(Supplied information Opens)

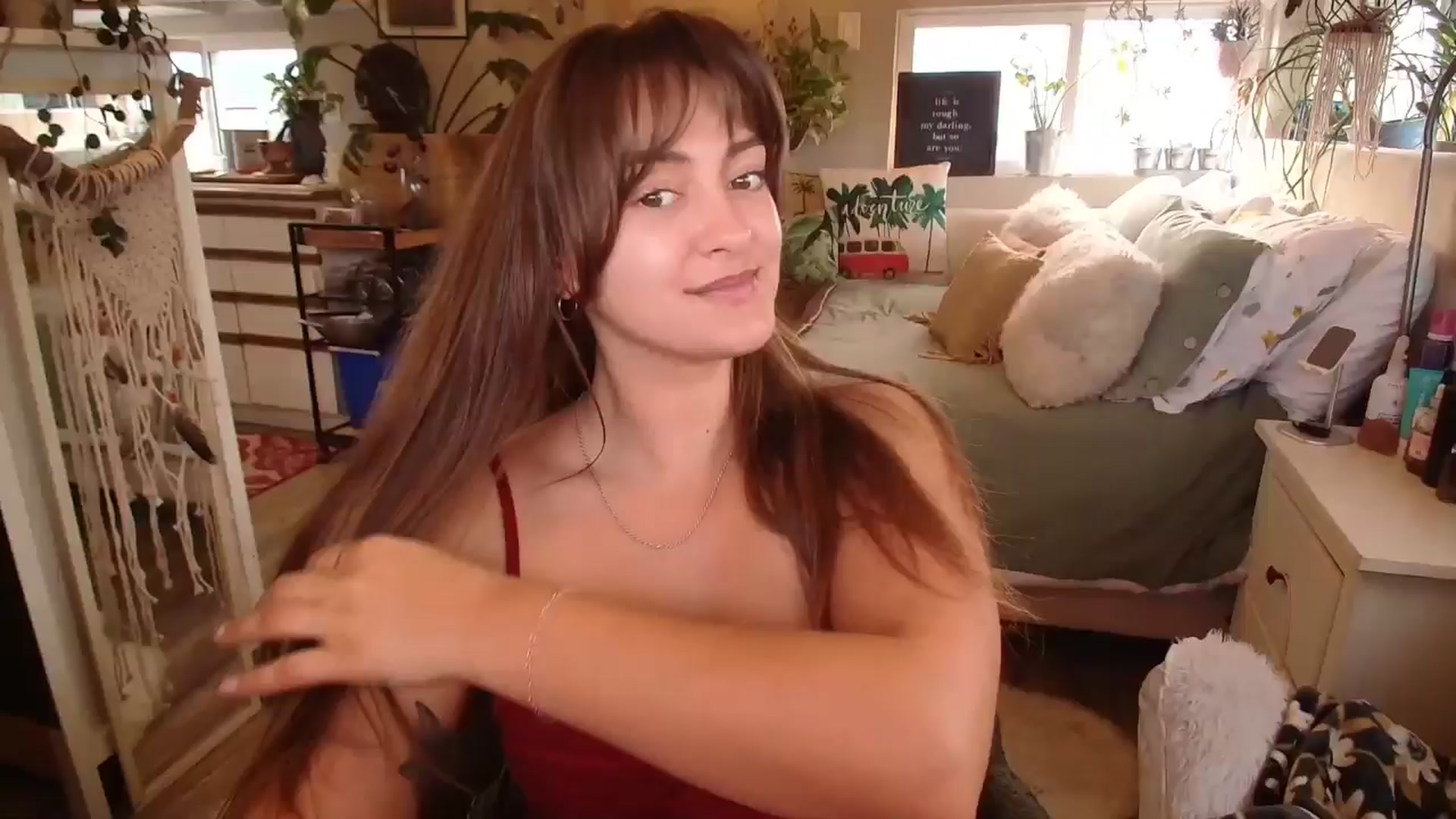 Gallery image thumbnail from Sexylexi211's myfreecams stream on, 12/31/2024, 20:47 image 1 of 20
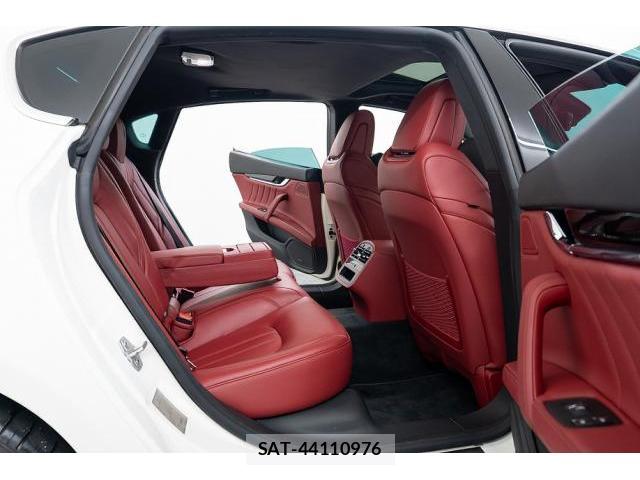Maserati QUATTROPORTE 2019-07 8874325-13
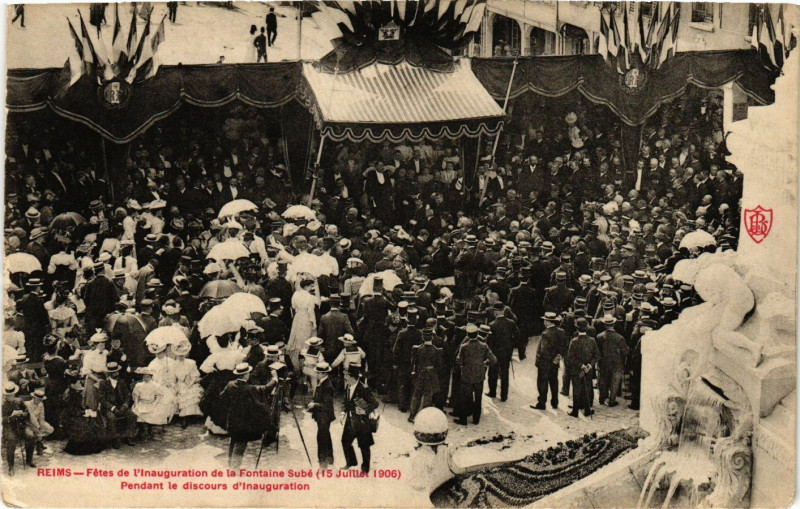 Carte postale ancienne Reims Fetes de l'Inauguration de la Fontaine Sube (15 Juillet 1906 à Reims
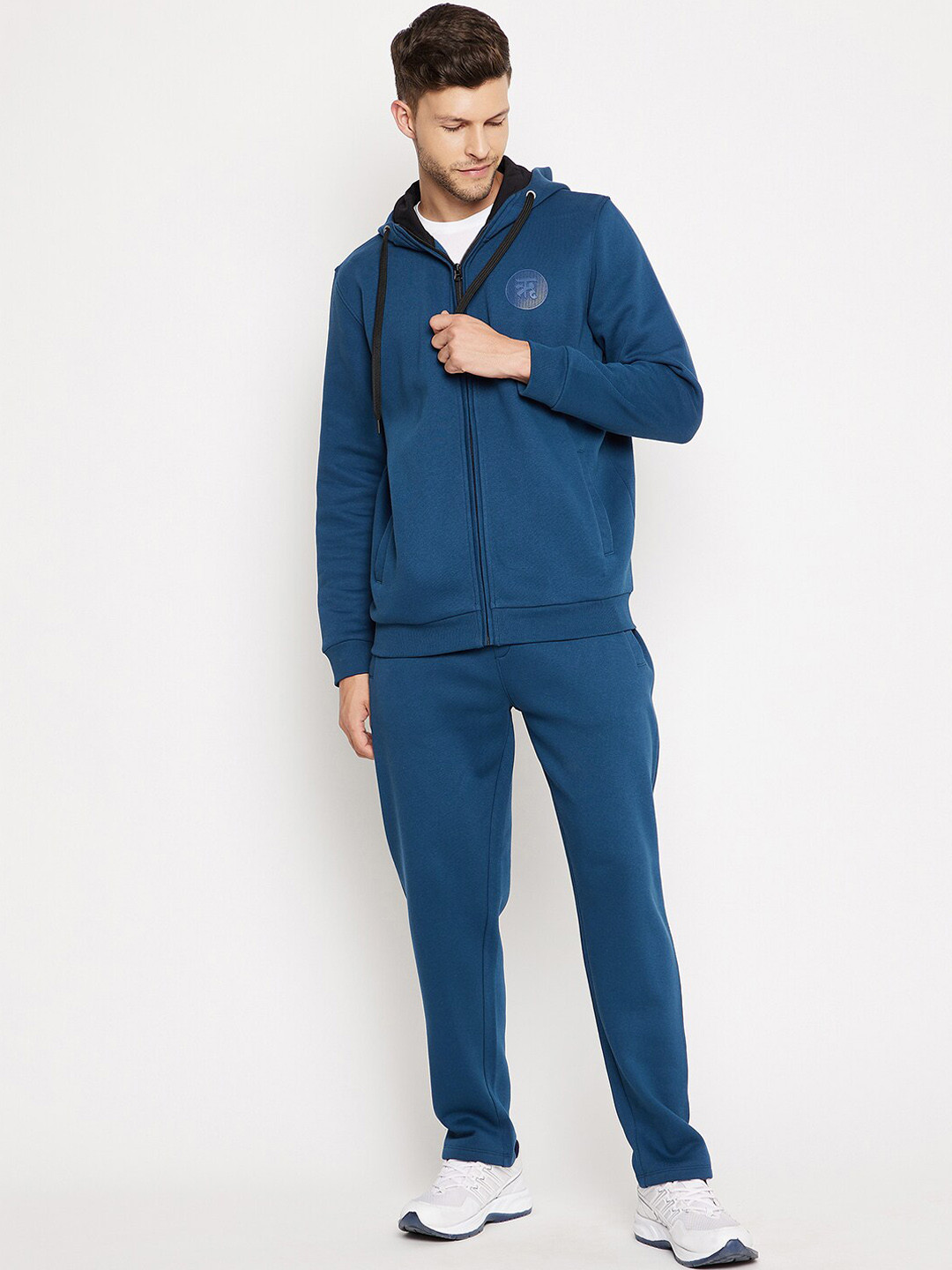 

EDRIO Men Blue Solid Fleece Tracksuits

(Supplied information Closes)

### Problem description
An exact reproduction of the material is needed, without its images.

### Output of the exercise
 Gallery image thumbnail from Sexylexi211's myfreecams stream on, 12/31/2024, 20:47 image 1 of 20
Maserati QUATTROPORTE 2019-07 8874325-13
 Carte postale ancienne Reims Fetes de l'Inauguration de la Fontaine Sube (15 Juillet 1906 à Reims

EDRIO Men Blue Solid Fleece Tracksuits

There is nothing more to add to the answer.